Check the signature.....


----------



## ultramag (Oct 1, 2006)

Where did you end up finding it? :?:


----------



## cajun_1 (Oct 1, 2006)

Unfortunately it is not the "BIG BLOCK".. We were at at store about 100 miles away and saw one on the shelf. Wasn't going to buy it, but after a lenghty conversation with the SO, I agreed to look at it. Got the price down some..(We spent an hour and a half looking and haggling) I now own it, with the stipulation that when spring comes, a "BIG BLOCK" will be on the patio.


----------



## ryanc (Nov 16, 2006)

So if I understand all this correctly.... When HD does have this it is the good model and not the "cheapo" one sold by Wally World?  I realize this thread has been dormant for a little while, but I'm leaning towards getting one of these and don't want to end up with a junky one.

Thanks!!
-Ryan


----------



## lostinfl (Nov 16, 2006)

My GOSM is arriving tomorrow, I ordered from Bass Pro Shop $189 plus shipping. I had to have it shipped because it was purchased thru an incentive card thru work... too long to explain but I was at the Shop last Sun outside Atlanta Ga and they have them in stock for instore purchase, cant wait to fire that baby up.

http://www.basspro.com/servlet/catal...=SearchResults

Looks like closest store to you is Auburn NY  Good luck


----------



## c2500 (Nov 17, 2006)

mine came from HD earlier this year....retail was $189...and yes it is the Big Block.

c2500


----------



## soflaquer (Nov 17, 2006)

This is where I got my Big Block, and I just checked....They are IN STOCK!!!  Grab 'em while you can, boys - they've been out for a while!  Price: $179.00 plus Shipping

Here's the link:  http://epod2000.stores.yahoo.net/36smokerbb.html

Jeff


----------



## illini (Nov 17, 2006)

Sportsman,s Warehouse (Bass-Pro) St Charles Missouri
Nov 23 - Dec 3 : GOSM $189.95 Marked down to $149.88

Brass burner and all,  Propane tank not included


----------



## soflaquer (Nov 17, 2006)

Nice price, Illini!  Do they ship or strickly cash and carry?

Jeff


----------



## illini (Nov 17, 2006)

Well the flyer says no mail, phone, internet, cod orders, or dealers.

Sounds like cash and carry to me.

They are 1 hour south of me but I usually order my bass-pro stuff from Missouri to beat the sales tax unless the freight is more than tax.   Kind of have to play the game.
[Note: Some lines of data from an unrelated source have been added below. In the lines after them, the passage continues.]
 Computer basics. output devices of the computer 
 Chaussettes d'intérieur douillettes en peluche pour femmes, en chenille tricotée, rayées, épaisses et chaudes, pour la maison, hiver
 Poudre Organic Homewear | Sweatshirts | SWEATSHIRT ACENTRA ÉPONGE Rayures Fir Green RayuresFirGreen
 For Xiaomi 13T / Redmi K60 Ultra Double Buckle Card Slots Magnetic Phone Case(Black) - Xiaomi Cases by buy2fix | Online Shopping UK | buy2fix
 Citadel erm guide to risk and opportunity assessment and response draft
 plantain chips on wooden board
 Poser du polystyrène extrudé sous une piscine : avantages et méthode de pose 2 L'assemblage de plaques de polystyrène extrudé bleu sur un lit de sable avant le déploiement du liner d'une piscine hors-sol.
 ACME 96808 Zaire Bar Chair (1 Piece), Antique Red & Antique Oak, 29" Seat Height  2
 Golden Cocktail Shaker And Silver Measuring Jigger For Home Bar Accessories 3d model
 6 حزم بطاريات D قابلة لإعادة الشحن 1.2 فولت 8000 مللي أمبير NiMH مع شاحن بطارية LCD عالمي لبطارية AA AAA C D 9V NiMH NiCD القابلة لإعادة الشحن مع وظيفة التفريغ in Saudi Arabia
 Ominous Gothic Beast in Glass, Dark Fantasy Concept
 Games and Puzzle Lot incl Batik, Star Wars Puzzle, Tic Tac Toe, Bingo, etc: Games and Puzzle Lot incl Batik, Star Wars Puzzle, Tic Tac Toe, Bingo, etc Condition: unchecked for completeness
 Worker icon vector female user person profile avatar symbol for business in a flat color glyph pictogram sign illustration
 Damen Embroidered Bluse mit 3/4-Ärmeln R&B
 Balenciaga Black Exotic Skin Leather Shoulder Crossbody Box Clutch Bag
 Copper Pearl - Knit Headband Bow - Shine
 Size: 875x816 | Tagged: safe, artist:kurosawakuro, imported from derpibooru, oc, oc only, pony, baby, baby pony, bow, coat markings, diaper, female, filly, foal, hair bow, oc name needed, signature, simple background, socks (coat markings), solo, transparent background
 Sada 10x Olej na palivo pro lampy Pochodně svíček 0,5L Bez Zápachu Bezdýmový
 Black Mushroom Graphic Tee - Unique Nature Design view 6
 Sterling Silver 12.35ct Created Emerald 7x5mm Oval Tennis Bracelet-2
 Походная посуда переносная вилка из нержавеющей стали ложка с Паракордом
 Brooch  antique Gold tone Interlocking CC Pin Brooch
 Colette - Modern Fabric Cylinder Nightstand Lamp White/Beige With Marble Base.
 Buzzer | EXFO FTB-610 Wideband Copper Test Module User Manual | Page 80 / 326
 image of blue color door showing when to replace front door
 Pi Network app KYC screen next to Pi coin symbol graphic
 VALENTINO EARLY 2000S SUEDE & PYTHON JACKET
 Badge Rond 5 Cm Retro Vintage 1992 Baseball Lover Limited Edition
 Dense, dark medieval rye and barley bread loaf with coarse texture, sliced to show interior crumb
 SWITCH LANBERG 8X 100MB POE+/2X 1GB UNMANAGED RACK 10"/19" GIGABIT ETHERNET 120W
If I wanted one this would be the time!


----------



## larry maddock (Nov 18, 2006)

hello illini,
does your masterbuilt have a way to let smoke escape the unit??


----------



## illini (Nov 18, 2006)

Hi Larry

Yes I do have it vented  
	

	
	
		
		



		
			






  It was rather an intolerable situation straight out of the box.   Not only was there no way out for the smoke the thing was a steam cabinet also.  Water would drip out the bottom somehow because there was no place else for it to go.   If you opened the door for a peek it was like a very dark thunderstorm going on in there.  Had a couple of miserable failures before deciding to mod it up or throw it away.

to see what I did go here
http://www.smokingmeatforums.com/viewtopic.php?t=1702

Use very little wood to get all the smoke flavor we want.  I have lots of apple wood (Dad's got an orchard) and make my own chips.  On pork 25% of the chips I use are store bought hickory and that works well for me.    Less than a quart of this combination of wood will do a couple of butts!

*Jeffmkr* has moded his Masterbuilt similar to mine and he reports better results also.
It can be difficult to discern whether the vent is giving off steam or smoke but I have learned how to tell the difference.


----------



## lostinfl (Nov 18, 2006)

GOSM arrived yesterday, no damage to report it was seasoned last night and it has been put to work today.I want to thank all for recommending this model it works awsome and my friend who has an electric is about to go pruchase one himself


----------



## fuzzynavel (Nov 18, 2006)

finally (thanks to jeff for posting the link) i have a bigblock on the way!! so thanks again.. and by the way your Chili Verde rocks


----------



## soflaquer (Nov 18, 2006)

Fuzzy,

Glad I could help!  A close friend of mine has been after a BB for some time, and the link I posted has been out of stock now for a while.  I was happy to see the words "In Stock" when I checked it last.  I guess they're gearing up for the Holiday rush.

My Chili Verde recipe is very dear to me.  It has been nurtured through 2 decades at the Firehouse and years as a Pit Master.  Most say it's the best Chili they've ever tasted.  Thanks for the compliment!

Jeff


----------



## smokeeater (Feb 5, 2007)

The Home Depot has the GOSM Deluxe Gas Smoker available on their website. It was not available on Saturday, the same day I ordered one from Amazon.com - same price but free shipping from Amazon! Shipping from HomeDepot.com is almost $60!!!  :shock: 

HOWEVER - AMAZON.COM STATES THE FOLLOWING:
Availability: This item will be released on February 10, 2007. Pre-order now!. Ships from and sold by Amazon.com.

For $60, I'll gladly wait an extra week  :D


----------



## smokeeater (Feb 15, 2007)

My GOSM shipped one day before amazon.com said it would be released (as per my above post), on February 9th. It arrived only four days later! No tax & no shipping costs. The box should have had wood (instead of cardboard) around it to protect the smoker's corners - one corner was slightly damaged, but not enough for me to care. Built it in 1.5 hours and seasoned it right away - right before a storm front arrived that is staying till Friday. Plan on smoking my first brisket on Saturday! Can't wait!!!


----------



## vulcan75001 (Feb 15, 2007)

SmokeEater...
Congrats on getting your new toy...good luck on your first smoke with it..


----------